The race became controversial because of a driver change made by the No. 20 JGR team. Almirola qualified the car on pole position, though Gibbs intended to have NASCAR Nextel Cup Series regular Denny Hamlin run the race. The Cup Series was racing that weekend at Infineon Raceway in Sonoma, California, and Hamlin's helicopter could not find a landing spot at Milwaukee Mile in time for the start of the race. Almirola was thus forced to start the race and ran the first 59 laps before he was pulled out of the car under caution; Hamlin finished the race and came from behind to win after losing a lap to the leaders during the driver change.
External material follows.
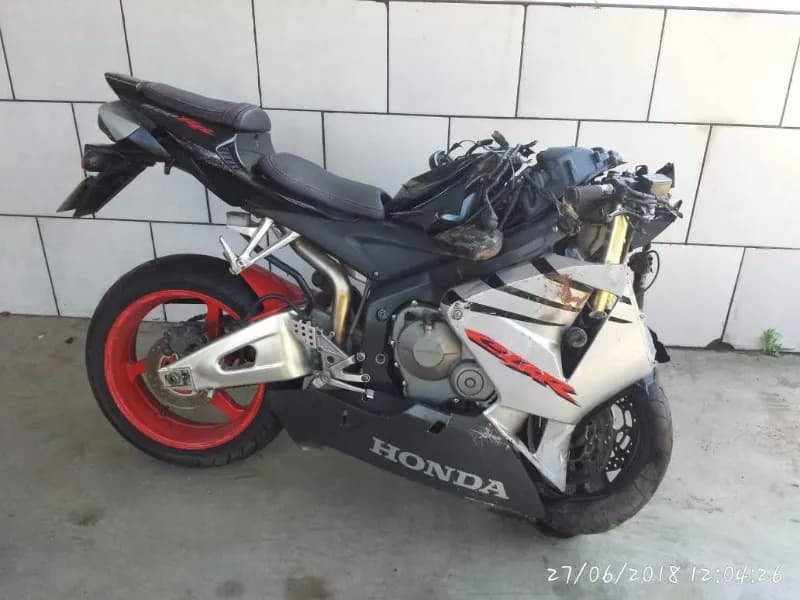 HONDA CBR 600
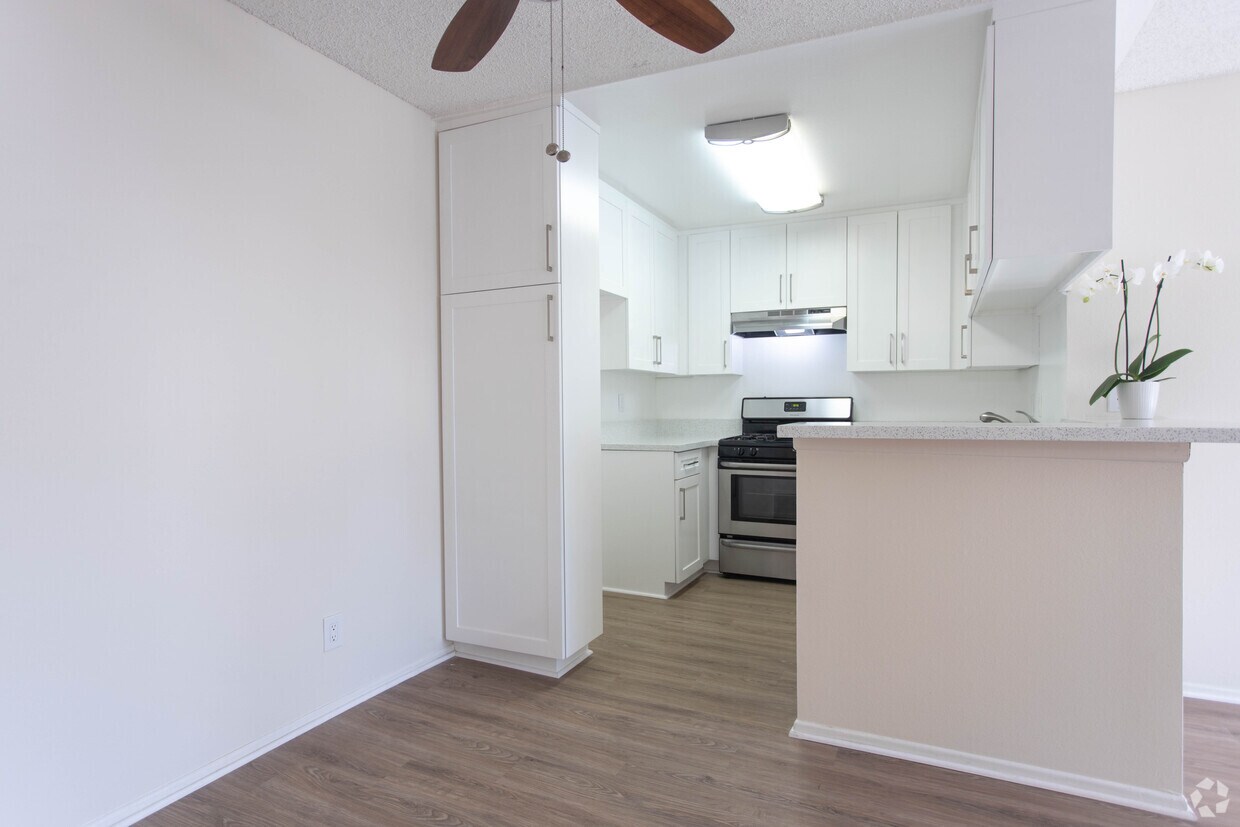 Castle Heights Apartments Apartments in Los Angeles, CA Westside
NASCAR rules say the driver who starts the race gets credit for the result, making Almirola the official race winner. The driver change frustrated Almirola, who proceeded to leave the track before the race ended, and it was further criticized by ESPN writer Terry Blount, who called the substitution "a Busch-league move".[3]

The win for which Almirola was given credit was the first of his Busch Series career. Carl Edwards, who led nearly half of the race for Roush Fenway Racing (RFR), recovered from a flat tire to finish eighth, maintaining a significant lead in the Drivers' Championship. Edwards's No. 60 RFR team also maintained their Owners' Championship lead, and Chevrolet continued to lead the Manufacturers' Championship.